Issue and applicable standard of review
18 The
applicant's arguments in this application for judicial review raise a single
issue: did the IAD err in dismissing the appeal on the basis of its finding
that, from the sponsored spouse's point of view, their marriage was not genuine
and was entered into primarily for the purpose of acquiring status under the
Act?
19 The
Supreme Court of Canada in Dunsmuir v New Brunswick, 2008 SCC 9 at para 47, [2008] 1 S.C.R. 190 [Dunsmuir] held that a standard of review
analysis need not be conducted in every instance. Where the standard of review
applicable to a particular question before the court is satisfactorily settled
by past jurisprudence, the reviewing court may adopt that standard of review.

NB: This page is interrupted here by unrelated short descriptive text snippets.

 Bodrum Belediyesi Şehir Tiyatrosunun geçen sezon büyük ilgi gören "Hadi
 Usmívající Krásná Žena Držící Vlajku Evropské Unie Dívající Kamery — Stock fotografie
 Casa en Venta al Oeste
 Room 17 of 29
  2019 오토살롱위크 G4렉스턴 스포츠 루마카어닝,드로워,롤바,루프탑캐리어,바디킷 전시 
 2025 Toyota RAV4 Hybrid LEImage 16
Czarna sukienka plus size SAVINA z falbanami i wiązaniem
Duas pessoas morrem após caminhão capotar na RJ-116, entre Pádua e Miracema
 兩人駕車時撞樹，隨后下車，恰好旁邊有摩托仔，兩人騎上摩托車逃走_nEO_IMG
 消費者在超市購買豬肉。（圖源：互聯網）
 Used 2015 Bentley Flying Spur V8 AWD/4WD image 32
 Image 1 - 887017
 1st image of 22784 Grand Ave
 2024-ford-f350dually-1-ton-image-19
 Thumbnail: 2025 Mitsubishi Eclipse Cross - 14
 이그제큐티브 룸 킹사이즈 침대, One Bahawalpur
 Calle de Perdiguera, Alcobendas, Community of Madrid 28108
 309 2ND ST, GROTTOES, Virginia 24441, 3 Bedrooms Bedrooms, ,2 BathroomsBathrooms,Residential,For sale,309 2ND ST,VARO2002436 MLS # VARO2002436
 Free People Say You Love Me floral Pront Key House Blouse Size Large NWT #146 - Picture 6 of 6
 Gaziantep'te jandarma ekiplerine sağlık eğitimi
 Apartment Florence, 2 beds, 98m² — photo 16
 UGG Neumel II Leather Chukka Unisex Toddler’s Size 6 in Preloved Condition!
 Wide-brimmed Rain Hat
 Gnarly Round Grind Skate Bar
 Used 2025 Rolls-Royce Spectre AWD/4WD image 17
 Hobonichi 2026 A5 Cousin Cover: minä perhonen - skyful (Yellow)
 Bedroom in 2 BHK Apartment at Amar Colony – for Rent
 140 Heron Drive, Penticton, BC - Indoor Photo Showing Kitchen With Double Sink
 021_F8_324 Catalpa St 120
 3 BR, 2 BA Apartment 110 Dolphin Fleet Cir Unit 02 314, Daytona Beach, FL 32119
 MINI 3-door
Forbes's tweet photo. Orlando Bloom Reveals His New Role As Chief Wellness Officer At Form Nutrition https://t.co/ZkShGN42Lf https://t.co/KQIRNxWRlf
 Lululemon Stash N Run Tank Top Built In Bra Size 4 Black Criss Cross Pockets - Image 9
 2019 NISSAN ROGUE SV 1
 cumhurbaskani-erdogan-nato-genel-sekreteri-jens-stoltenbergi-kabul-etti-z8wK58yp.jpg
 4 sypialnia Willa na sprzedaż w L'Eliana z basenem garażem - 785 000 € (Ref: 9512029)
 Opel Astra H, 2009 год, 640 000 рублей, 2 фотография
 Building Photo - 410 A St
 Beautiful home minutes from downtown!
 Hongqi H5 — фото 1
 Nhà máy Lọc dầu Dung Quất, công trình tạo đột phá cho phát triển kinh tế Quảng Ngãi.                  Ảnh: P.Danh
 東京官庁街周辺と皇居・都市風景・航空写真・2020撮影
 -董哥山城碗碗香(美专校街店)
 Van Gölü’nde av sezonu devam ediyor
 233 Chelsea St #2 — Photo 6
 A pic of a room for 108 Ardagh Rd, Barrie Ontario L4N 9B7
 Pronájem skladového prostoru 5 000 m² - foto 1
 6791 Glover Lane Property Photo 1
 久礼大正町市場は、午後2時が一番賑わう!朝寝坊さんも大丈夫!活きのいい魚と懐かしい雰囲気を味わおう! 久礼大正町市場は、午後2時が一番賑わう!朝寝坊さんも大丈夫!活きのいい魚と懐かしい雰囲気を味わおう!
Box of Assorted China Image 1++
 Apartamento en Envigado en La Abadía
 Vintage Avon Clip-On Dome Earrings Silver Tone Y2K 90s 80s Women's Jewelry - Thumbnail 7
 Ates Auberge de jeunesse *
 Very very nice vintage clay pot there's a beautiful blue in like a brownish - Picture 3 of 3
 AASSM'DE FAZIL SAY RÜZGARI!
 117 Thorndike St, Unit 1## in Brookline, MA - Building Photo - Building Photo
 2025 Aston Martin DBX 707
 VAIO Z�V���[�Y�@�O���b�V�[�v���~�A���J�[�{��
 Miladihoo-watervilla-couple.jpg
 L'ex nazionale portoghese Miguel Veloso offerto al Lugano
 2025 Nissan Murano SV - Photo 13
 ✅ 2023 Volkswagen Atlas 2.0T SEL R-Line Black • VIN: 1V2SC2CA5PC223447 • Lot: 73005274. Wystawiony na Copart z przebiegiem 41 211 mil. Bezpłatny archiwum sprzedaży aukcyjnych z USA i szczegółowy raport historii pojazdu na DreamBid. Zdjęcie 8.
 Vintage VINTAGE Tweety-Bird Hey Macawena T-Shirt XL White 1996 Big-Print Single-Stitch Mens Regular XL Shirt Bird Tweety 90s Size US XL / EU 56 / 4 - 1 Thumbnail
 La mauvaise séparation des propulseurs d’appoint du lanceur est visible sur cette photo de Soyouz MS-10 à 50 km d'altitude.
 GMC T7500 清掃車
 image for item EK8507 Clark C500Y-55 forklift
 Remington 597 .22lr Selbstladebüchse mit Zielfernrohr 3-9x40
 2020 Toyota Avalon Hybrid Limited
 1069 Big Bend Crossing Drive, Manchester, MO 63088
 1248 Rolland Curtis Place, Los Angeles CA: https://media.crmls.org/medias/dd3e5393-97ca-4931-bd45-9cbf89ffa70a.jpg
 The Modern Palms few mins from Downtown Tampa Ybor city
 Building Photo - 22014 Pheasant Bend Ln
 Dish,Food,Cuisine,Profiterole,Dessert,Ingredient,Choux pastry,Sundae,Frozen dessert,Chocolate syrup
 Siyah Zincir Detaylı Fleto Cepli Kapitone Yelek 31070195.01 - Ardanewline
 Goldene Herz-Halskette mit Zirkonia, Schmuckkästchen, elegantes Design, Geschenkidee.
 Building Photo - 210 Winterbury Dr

It is well established that the "assessment of applications for permanent
residence under the family class and genuineness of the marriage in particular,
involve questions of mixed fact and law and the established standard of review
is reasonableness" (Glen v Canada (Minister of
Citizenship and Immigration), 2011 FC 488 at paras
42-43, [2011] F.C.J. No. 607; Keo v Canada (Minister of
Citizenship and Immigration), 2011 FC 1456 at para 7,
[2011] F.C.J. No. 1755 [Keo]).
20 The
applicant referred the Court to Justice Dawson's account of the reasonableness
standard in Zambrano v Canada (Minister of Citizenship
and Immigration), 2008 FC 481 at para 32, [2008] F.C.J.
No. 601, where she states:
· "Review on the reasonableness standard requires the Court to
inquire into the qualities that make a decision reasonable, which include both the process and the outcome. Reasonableness is concerned principally with the existence of
justification, transparency, and intelligibility in the decision-making
process. It is also concerned with whether the decision falls within the range
of acceptable outcomes that are defensible in fact and in law. See: Dunsmuir at
paragraph 47."
[emphasis added]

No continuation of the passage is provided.